How can you find the right mentor?

Sometimes the mentor will find you or he/she will come with the job position, sometimes not. You have to be adventurous  and proactive, seek for advice and get outside your comfort zone. Grab your map, your binnacle, your compass and get ready to sail. As Homer wrote, “When you set out on your journey to Ithaca, pray that the road is long, full of adventure, full of knowledge.” Define your short-term and long-term goals, break them down into the steps and skills you need to take, ét voila, you have your mentorship wish-list. For example, if you are following an academic career and are willing to switch gears and explore other scientific fields, find a mentor in that field who can help you navigate those new and inscrutable waters.

To get the right mentor you cannot stay in a safe harbor waiting for them to find you. Get out there and explore, do your homework and take advantage of networking opportunities in your institution, conferences, or any other kind of meetups. Be aware that time is precious for mentors, but they would happily share it with you if you are clear in your expectations and show commitment.
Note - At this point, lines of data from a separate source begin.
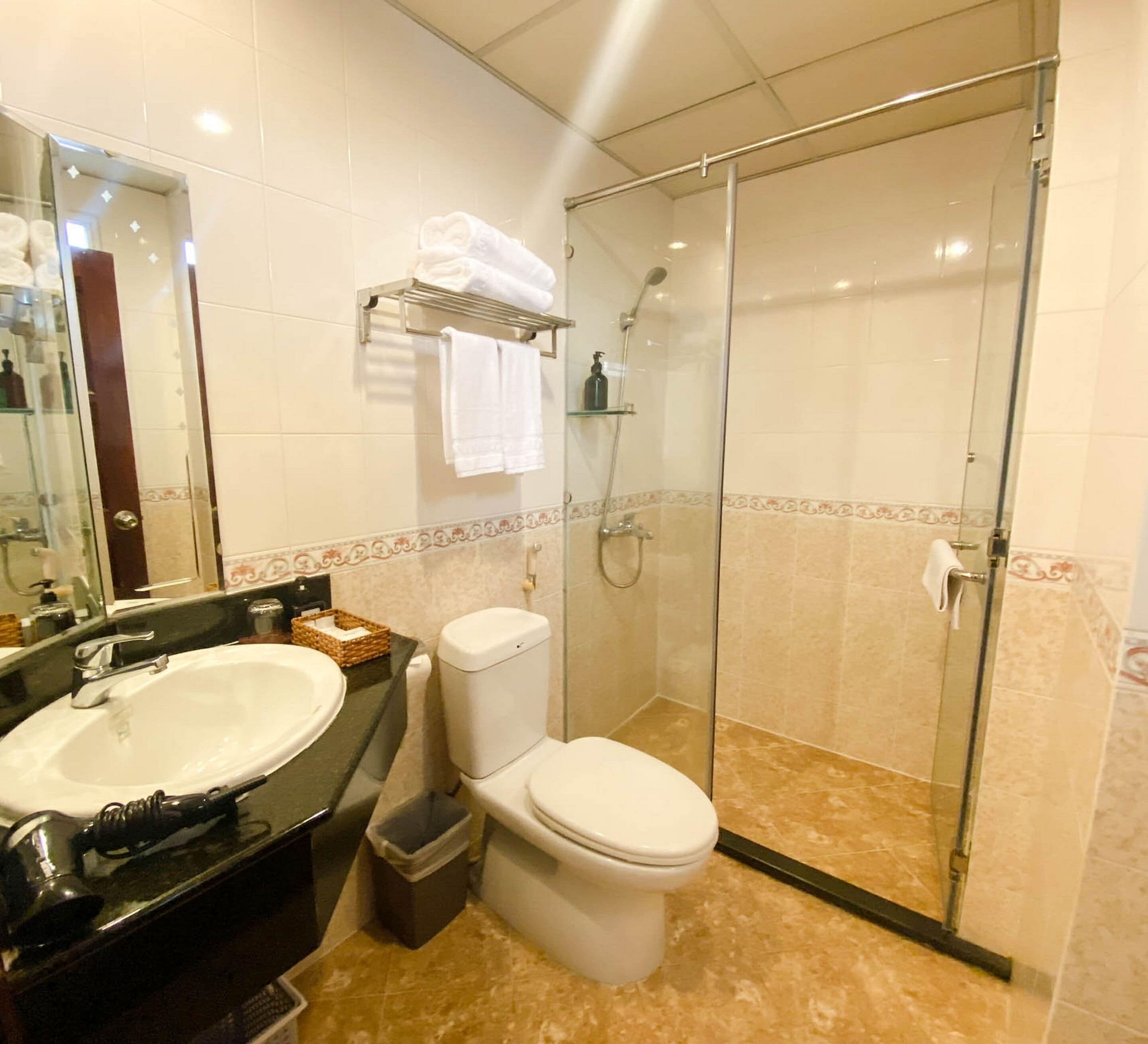 standard double room (window) | bathroom | free toiletries, hair dryer, bathrobes, slippers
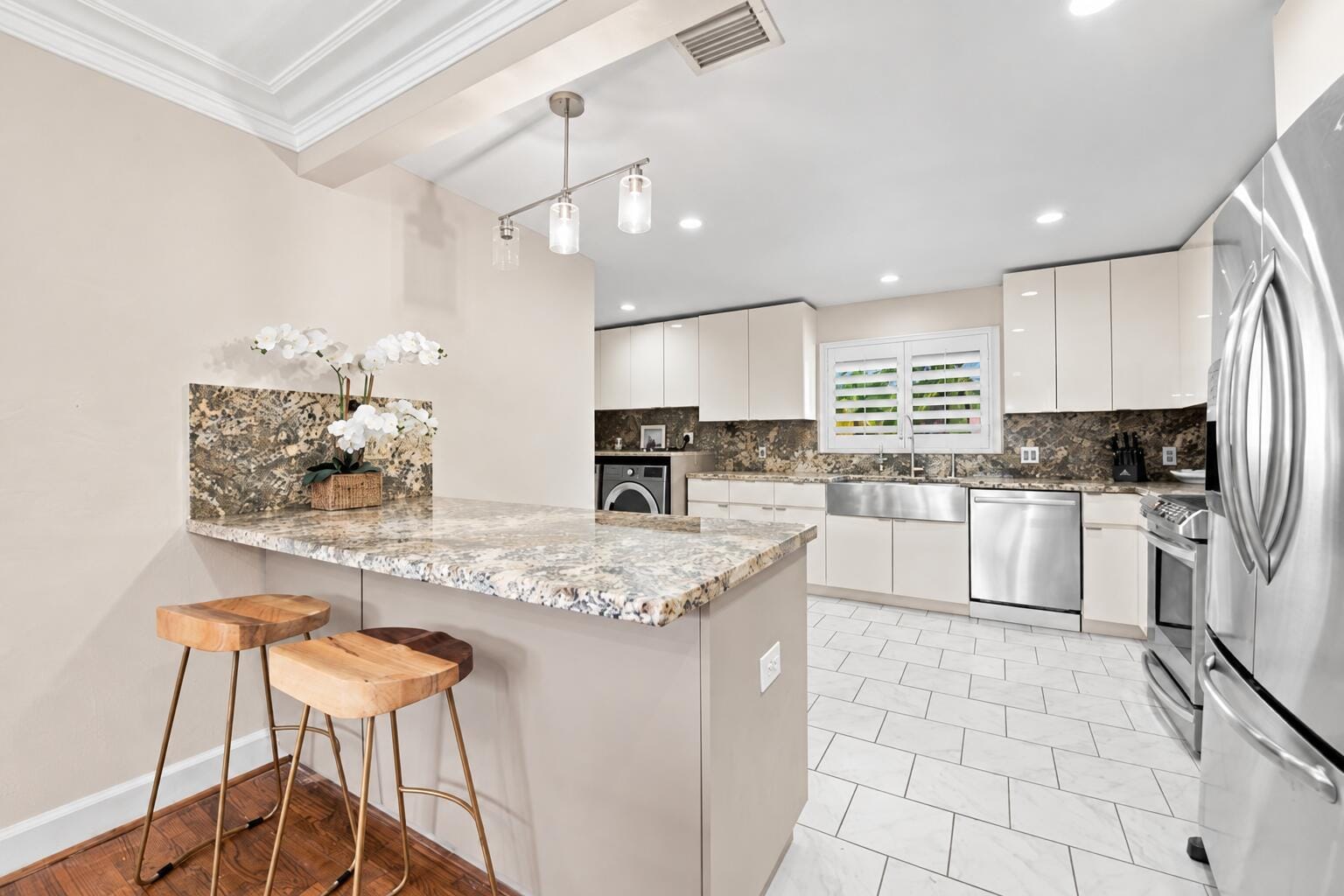 3236 Van Buren Street — photo 10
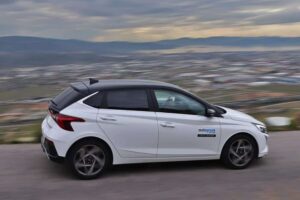 Hyundai-i20-1.0T-100-HP-FL-14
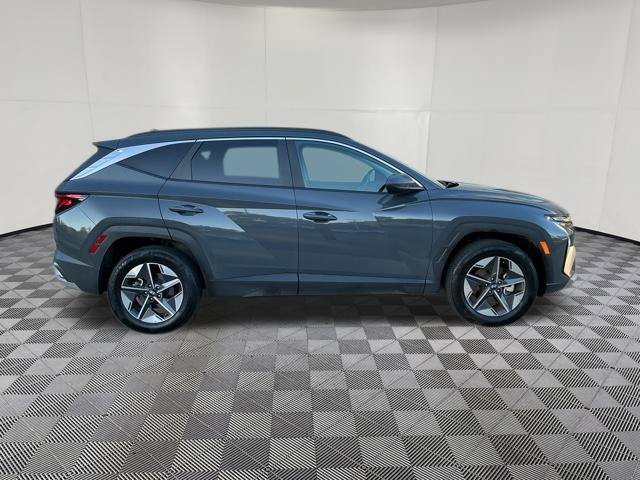Certified 2025 Hyundai Tucson SEL AWD/4WD image 12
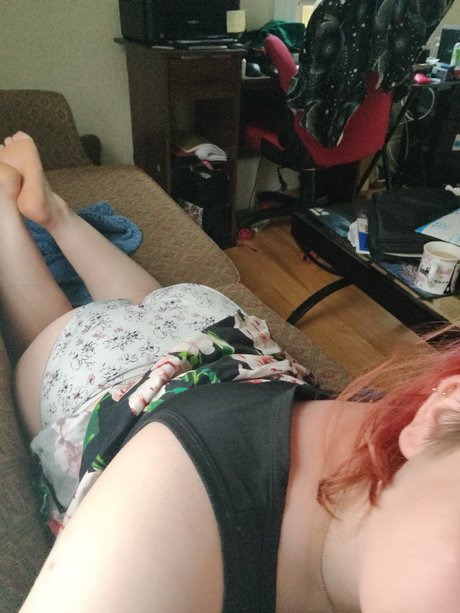 Remina Starlight sexy model photo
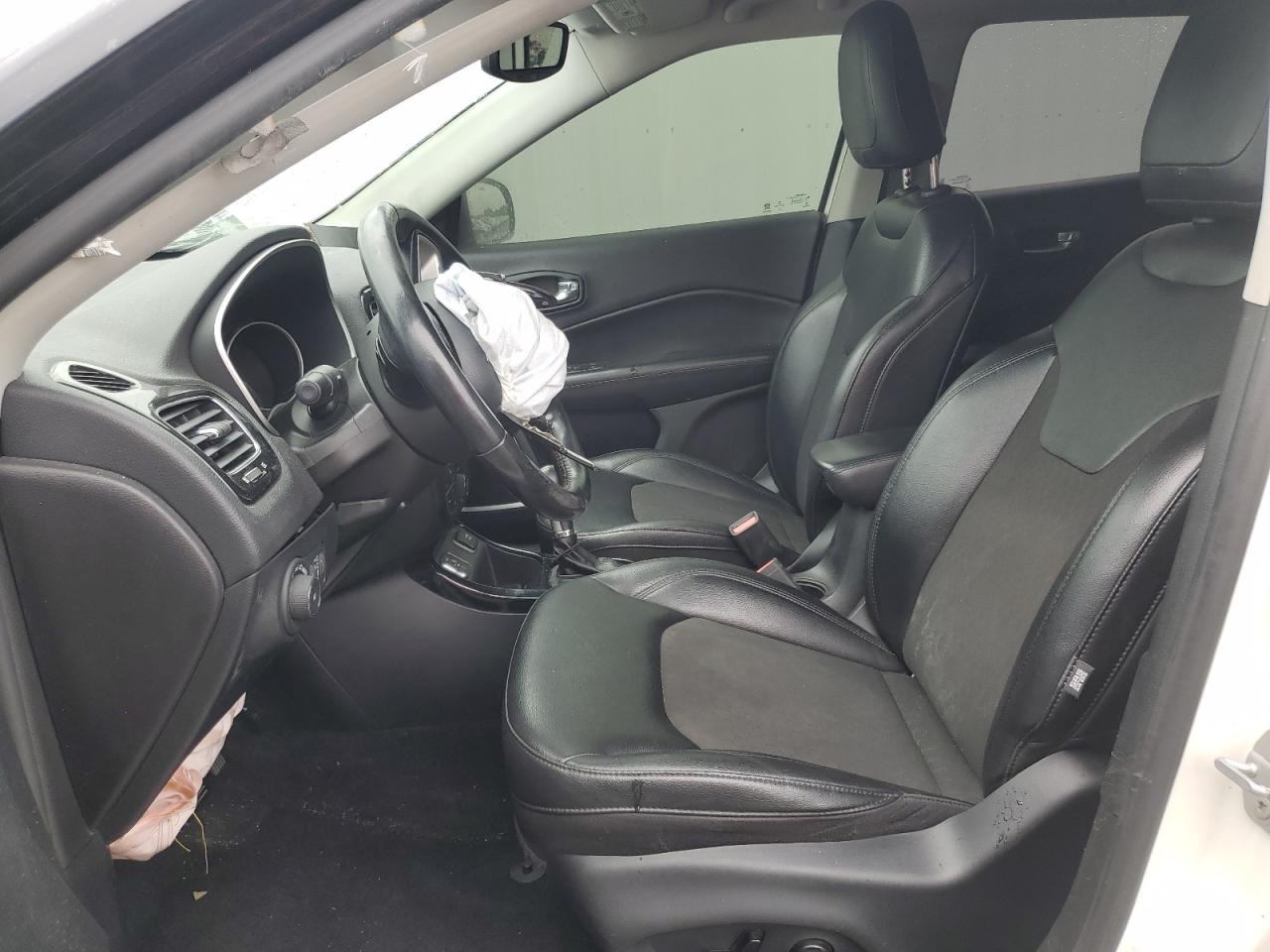 Lot #3312273773 2019 JEEP COMPASS LA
You may want to design a working plan together and set up some rules to define your relationship: frequency of your meetings, type of meetings (online, in person, email), and how to measure accountability of your progress.

Remember, before you start your next odyssey, wherever the trip takes you, ensure you have the right mentors, enjoy your sail and make it to port safe and sound.

Godspeed!

“The mind is not a vessel to be filled, but a fire to be kindled.”